Indeed, my overarching argument is that recognition of the misconduct, often illegal actions of the Divisions of (Anti-)Zoning and (Anti-)Neighborhoods; Public (aka Private) Services; and the dis-connecting broken thread of 311, one of the City’s jokes on its residents, is critical to understanding Columbus’ public and private collusion and the anti-democratic administration’s priorities. (Every statement is factual and can be supported with documentary materials.)

The other parties in the active corruption and destruction of the wannabe city with no history and no identity are The Ohio State University and the invading armies of absentee landlords and developers, most of whom live outside the city and increasingly outside Ohio. HomeTeam—rivalling NorthSteppe and OSUlive for the worst of the worst—is now owned by Texans who refuse to communicate with a University District homeowner who is surrounded by their lawbreaking tenants whose criminality is supported by their local managers. (Tom Heilman, the former owner and builder of the criminal empire sold his area properties when the City briefly threatened a minor degree of regulation.)

The “Evil Broken Triangle,” moreover, is actively supported by the City Attorney’s Office including its zoning and police liaisons, Columbus Department of Police, City Council, and the mayor.

Together, their intersections provide a too often missing window on the mis-operations and misconduct of a failing, anti-people “city” that refuses to function like a city after 225 years. It is increasingly an inadequate home to 900,000 residents.

Take Anti-Zoning and Anti-Neighborhoods as a first link in the evil, broken chain of city destruction. Albeit functioning within the prison-house of a more than 100-year out-of-date City Charter and Zoning Code, at least for the last 50 years, the Division marches on wheels greased by private developers and property owners whose holdings typically exceed the limits inscribed into the City Code.

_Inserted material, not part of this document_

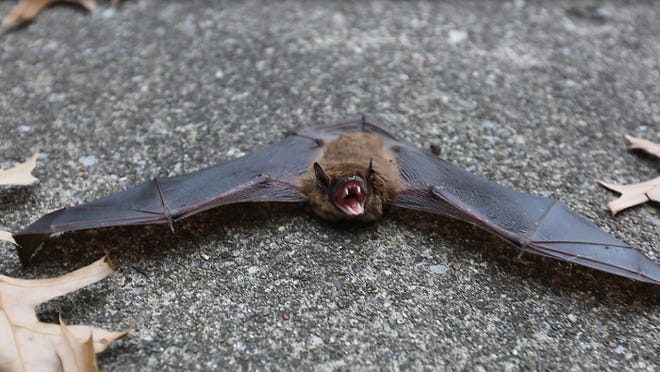 A second bat sent away for testing has been found positive for the rabies virus, the New Philadelphia City Health Department was notified late Wednesday. (TimesReporter.com / Jim Cummings, file photo)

Note that this is the same Division whose failure to inspect building regularly even when requested results in regular collapses resulting in death, injury, lack of homes, and property damage. The City Attorney only notices this after the fact in search of some party outside public responsibility to blame. (He sues the State of Ohio, Kia, and Hyundai but refuses requests to take on AEP, Columbia Gas, and other local utilities over their extortionist price gouging to escape the vagaries of the “free market” they otherwise cherish.)

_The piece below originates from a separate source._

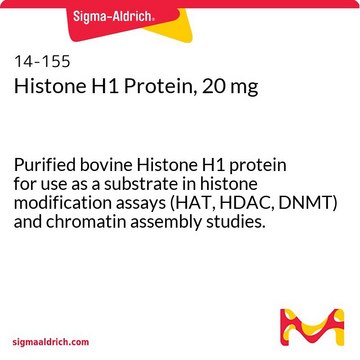Histone H1 Protein, 20 mg Purified bovine Histone H1 protein for use as a substrate in histone modification assays (HAT, HDAC, DNMT) and chromatin assembly studies.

Although my direct evidence on all but automatic zoning variances to certain kinds of parties for decades is primarily for the University District, the same patterns are apparent elsewhere. Franklinton (about which I have written here), Weinland Park, and Clintonville stand out. Research would document other areas. Of course, the City does none. Laws restricting the number of properties that any one owner can hold in a residential area as well as the uses of  properties were either or both waived and/or ignored.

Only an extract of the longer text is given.